HEALTH Secretary Alan Milburn last week announced the signing of a "pathfinding" deal to buy the entire capacity of a private Bupa hospital -- the Redwood in Redhill, Surrey to take on NHS operations and help to clear the long NHS waiting lists.

 This came just two weeks after agreeing a deal with health service unions that the jobs, terms and conditions of ancillary workers in private finance initiative hospitals built, owned and run by the private sector and rented to the NHS would be protected at NHS levels.

 The announcement coincided with a mass union rally in central London to celebrate public sector workers and to protest at the rising tide of privatisation of public services.

 Dave Prentiss, general secretary of the giant public sector union Unison rewrote his speech in anger at Milburn's announcement.

 He said that negotiations with the health unions over the new deal had been "non-existent" and he told the rally: "We oppose vast profits being made by private companies running our services."

 The GMB general union ran a series of full page advertisements in most daily papers, saying "Nasty one, Alan" in contrast with the one the union ran a few days before saying "Nice one, Gordon", when Chancellor Gordon Brown agreed the NHS must continue to be funded from general taxation, even if taxation has to rise to do this.

 GMB general secretary John Edmonds commented: "We have the Chancellor pledging to protect public services, and yet here we have the Health Secretary saying he will place the NHS into the hands of the largest private sector company in the country.

 "It is clear that there are people in Downing Street and the Department of Health who care more for the well being of private health companies than they do for the well being of the people who elected them."

 Milburn also made it clear that the Redhill deal is not merely a short-term stop-gap measure to meet the waiting lists crisis. He boasted: "We have won our fight to get private companies running the NHS."

 He is now engaged in negotiations with a number of European healthcare companies about setting up offshoots in England, staffed by foreign doctors and nurses.

 And Bupa operations director Richard Jones said: "This is not a one-off deal with one Bupa hospital. Effectively it is a pilot project for something that could become a significant venture for Bupa in its own right."

 There has been uncertainty among both NHS and Bupa staff about their future jobs under this deal. It seems the Bupa staff are to remain and some staff will come from the NHS trust. Others will be recruited.

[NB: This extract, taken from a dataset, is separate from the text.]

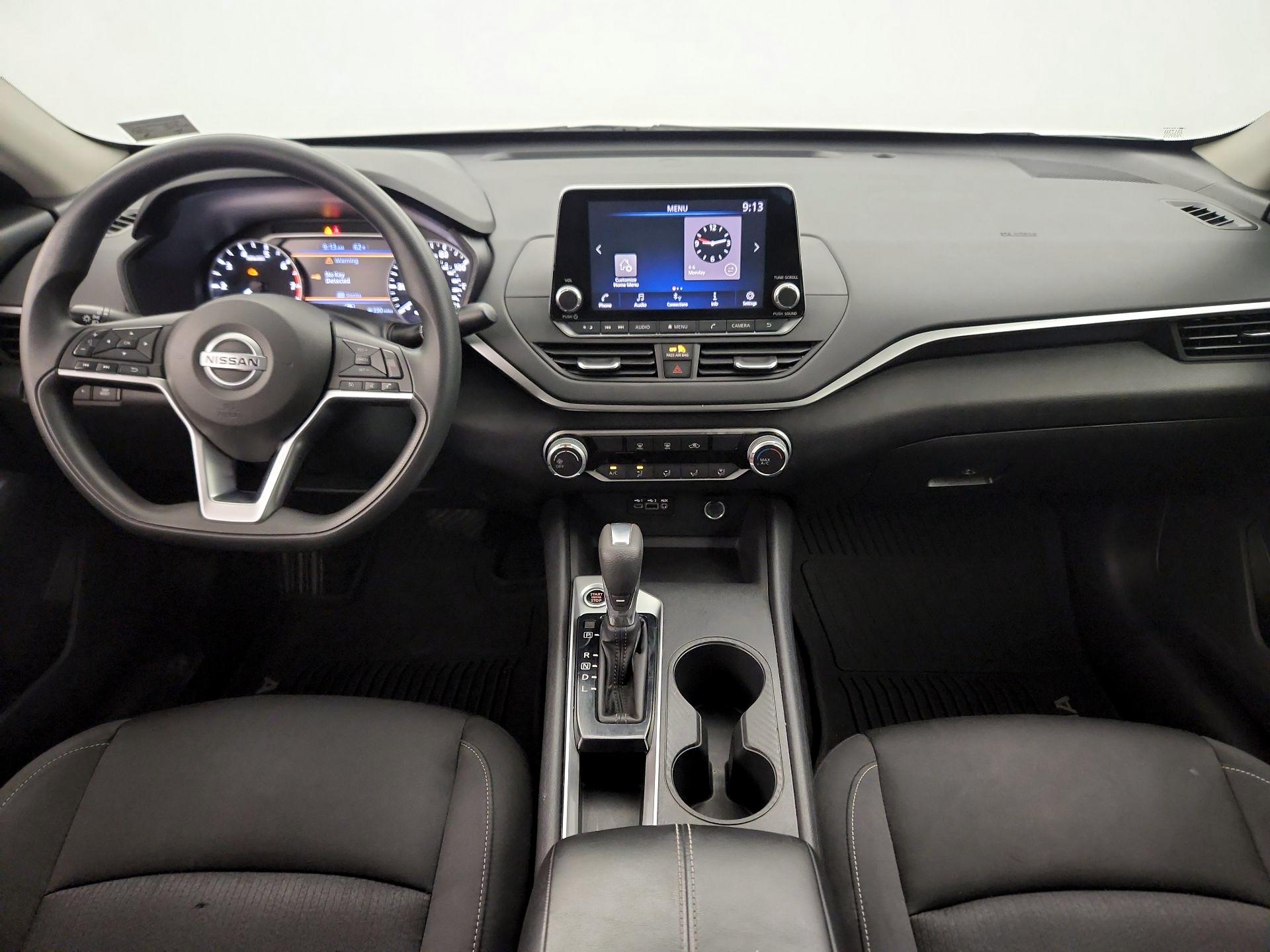 Thumbnail: 2020 Nissan Altima - 9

 But whereas PFI schemes meant the danger of the transfer of ancillary workers' jobs from the NHS to the private sector, this new deal transfers everything, including doctors' and nurses' work to the private sector.

 And, as ever, the only way the private sector can do the same operations more cheaply than the NHS and make a profit is to cut staff wages and conditions.

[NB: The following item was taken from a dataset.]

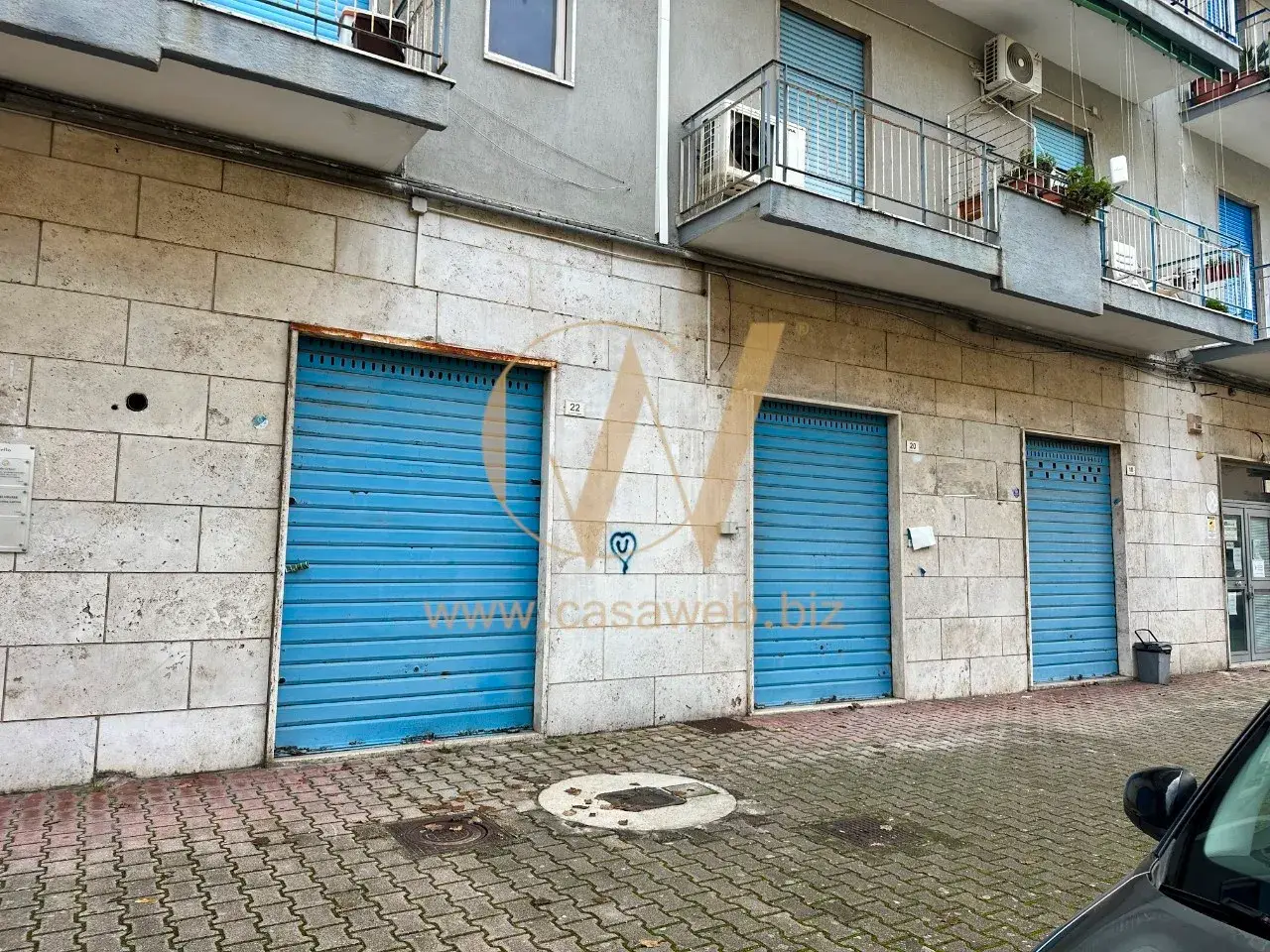 Negozio in Via Augusto Pierantoni, Santa Maria Capua Vetere, {3} - Foto 1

 Bupa is not noted for encoutaging trade unions among its workers.

 Milburn is claiming on the one hand that the deal is necessary because waiting lists must be reduced and building new NHS hospitals would take too long.

 But at the same time he is setting this up as a long-term policy to be expanded indefinitely. It cannot produce value for money for the taxpayer in the long-term.

 Milburn"s claims might ring more true if the Labour government had done its utmost to reverse the Tory policy of closing NHS hospitals. But is has done the opposite.

 Slowly it is continuing along the Tory path of undermining the whole principle of the NHS and opening up the health service as a profit bonanza for private companies.

 Government money spent directly by the NHS on-building new publicly-owned hospitals would provide far more hospital beds and reduce waiting lists more.

 The unions are fighting this increasing privatisation of the public sector. This fight must be supported and not allowed to fail.